**Scraped caption text data**
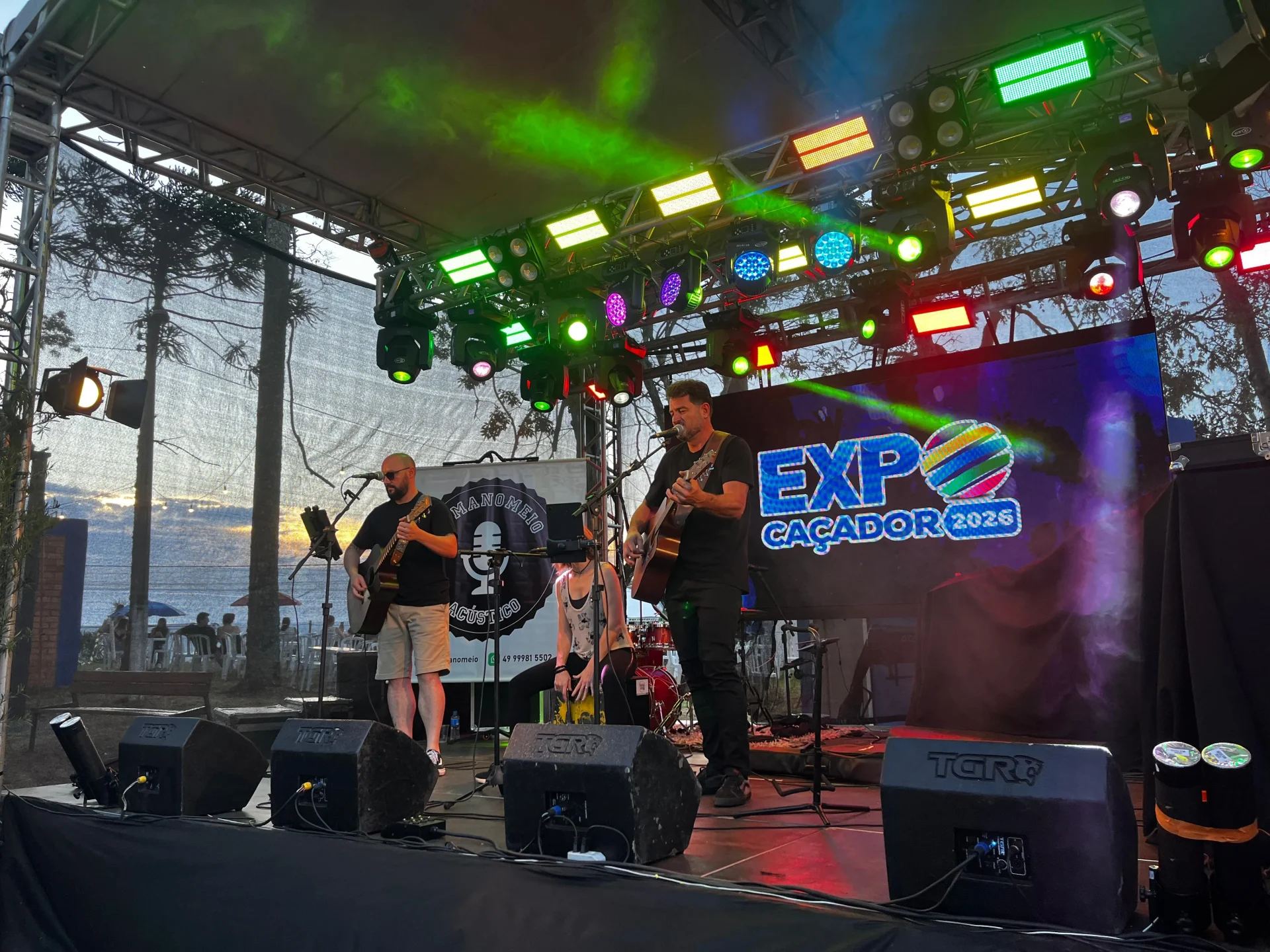 Começaram as apresentações de artistas locais na ExpoCaçador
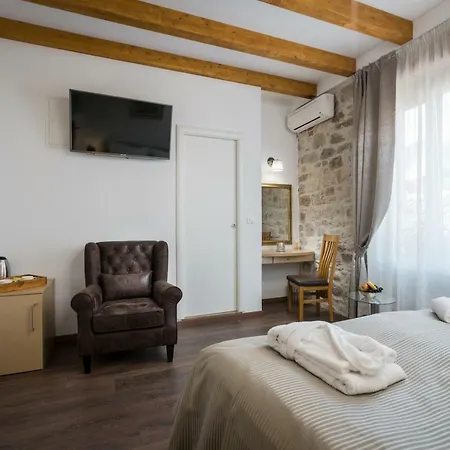 Frühstückspension Id Regal 4*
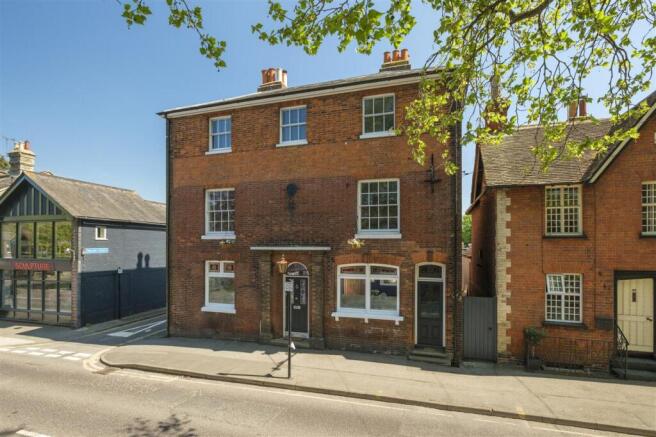 6 bed property, in Crown & Anchor, £1,100,000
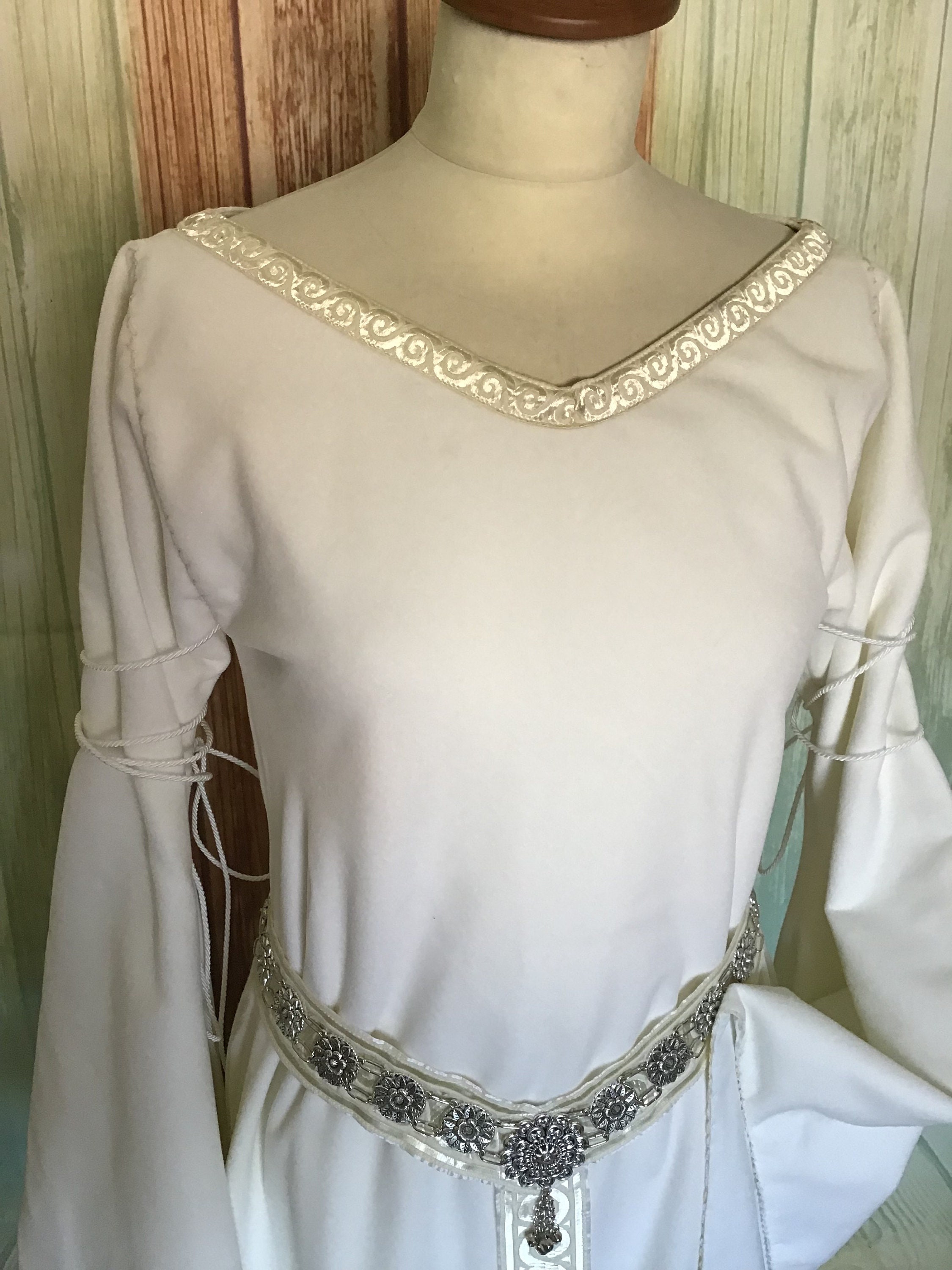 ロード・オブ・ザ・リング』のローハンの白いドレスのエオウィン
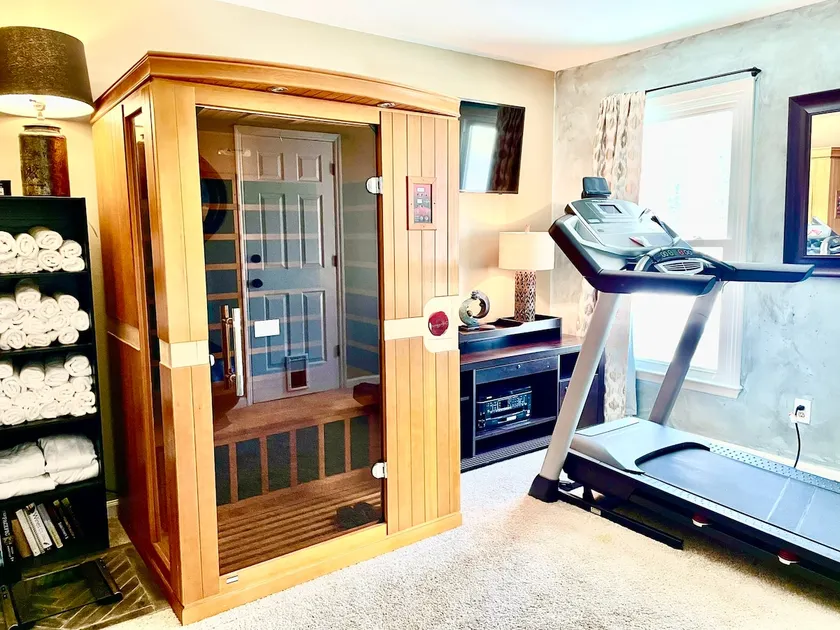 Relax at Beck & Call Sauna, Hot tub, mini-Gym - Image 1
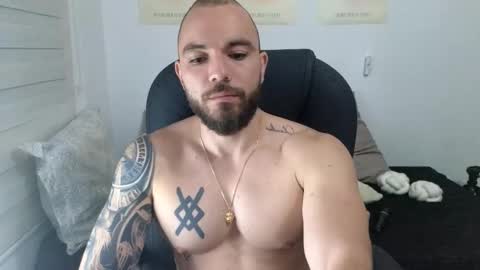 Isaac carter online show from October 2025 10:59:02 AM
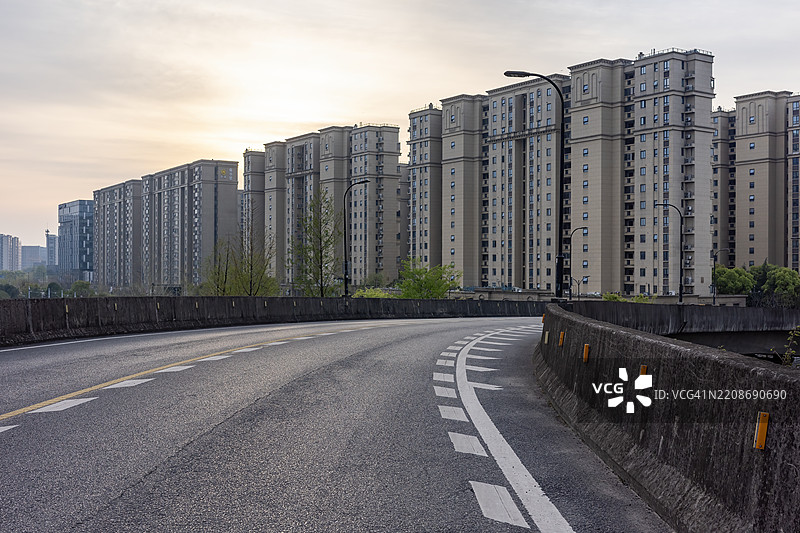 黄昏时分的高架城市道路与公寓楼图片素材
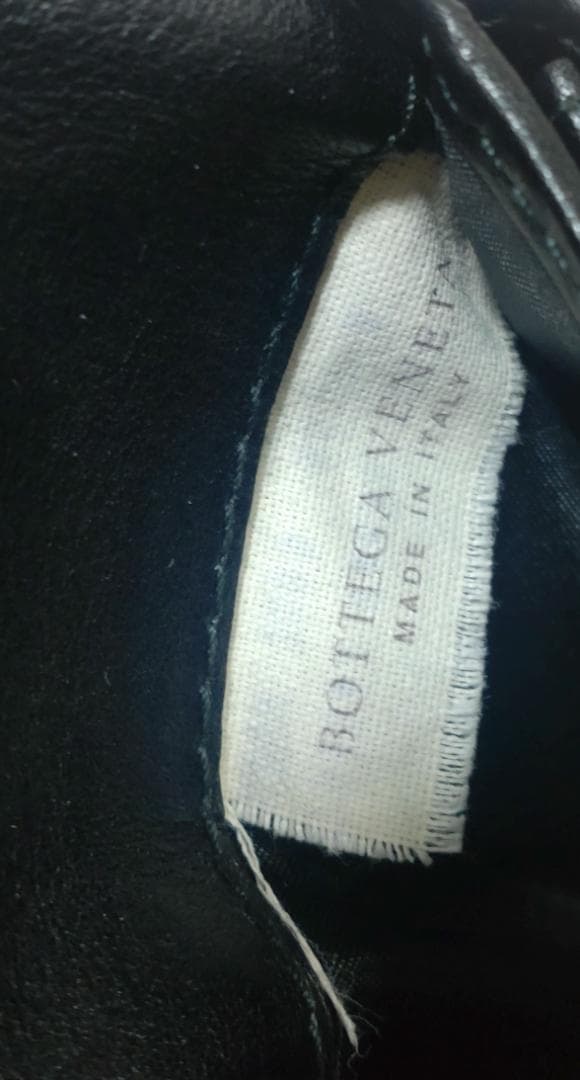 BOTTEGA　パース付き二つ折りウォレット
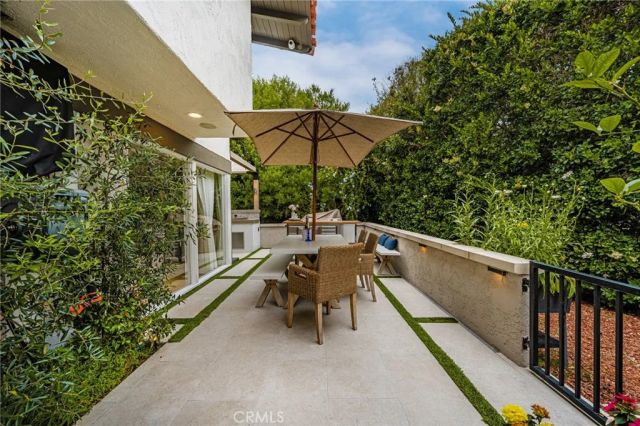 683 Vista Bonita, Newport Beach, CA 92660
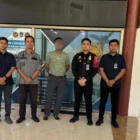Petugas Imigrasi Banda Aceh mengawal proses deportasi WN Pakistan. (Foto:Dok/Imigrasi)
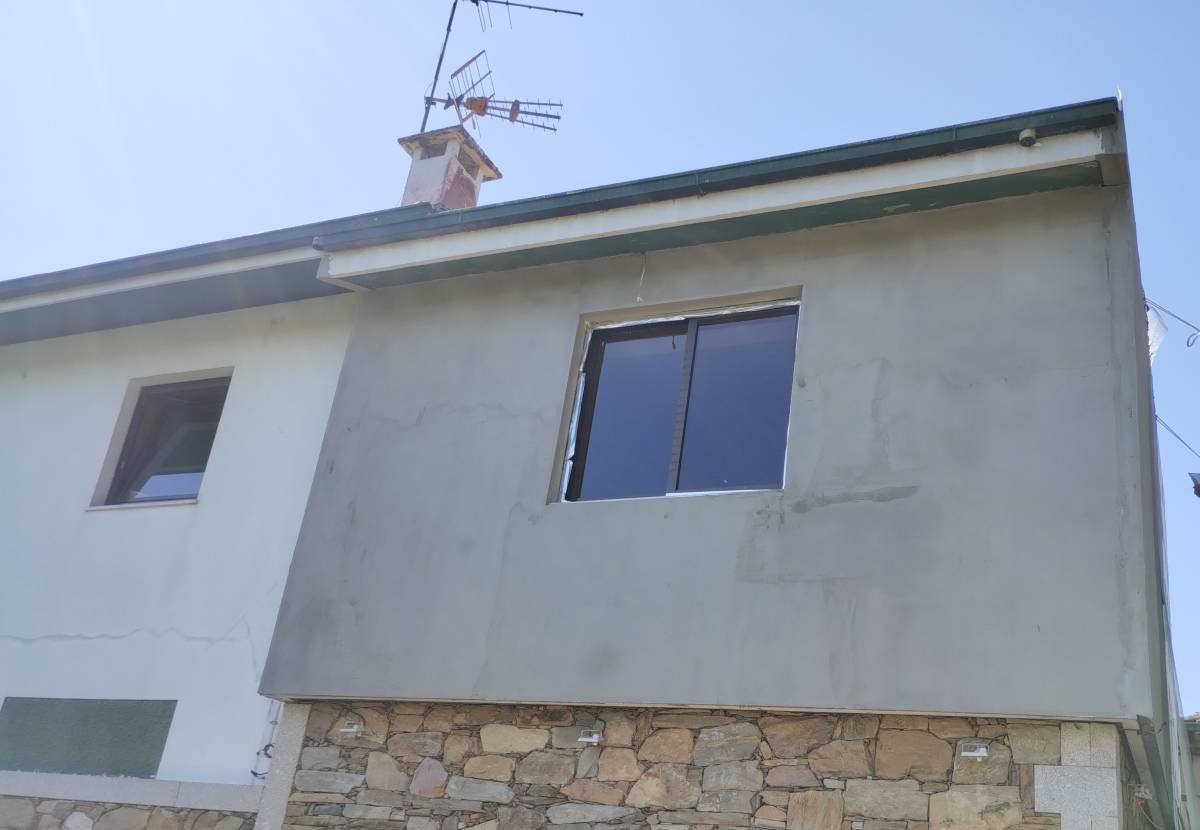 Carlos Prudente Sodré - Portimão - Roof Installation or Replacement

**Your goal**
Please copy the data above character for character, skipping any pictures.

**Result for this exercise**
 Começaram as apresentações de artistas locais na ExpoCaçador
 Frühstückspension Id Regal 4*
 6 bed property, in Crown & Anchor, £1,100,000
 ロード・オブ・ザ・リング』のローハンの白いドレスのエオウィン
 Relax at Beck & Call Sauna, Hot tub, mini-Gym - Image 1
 Isaac carter online show from October 2025 10:59:02 AM
 黄昏时分的高架城市道路与公寓楼图片素材
 BOTTEGA　パース付き二つ折りウォレット
 683 Vista Bonita, Newport Beach, CA 92660
Petugas Imigrasi Banda Aceh mengawal proses deportasi WN Pakistan. (Foto:Dok/Imigrasi)
 Carlos Prudente Sodré - Portimão - Roof Installation or Replacement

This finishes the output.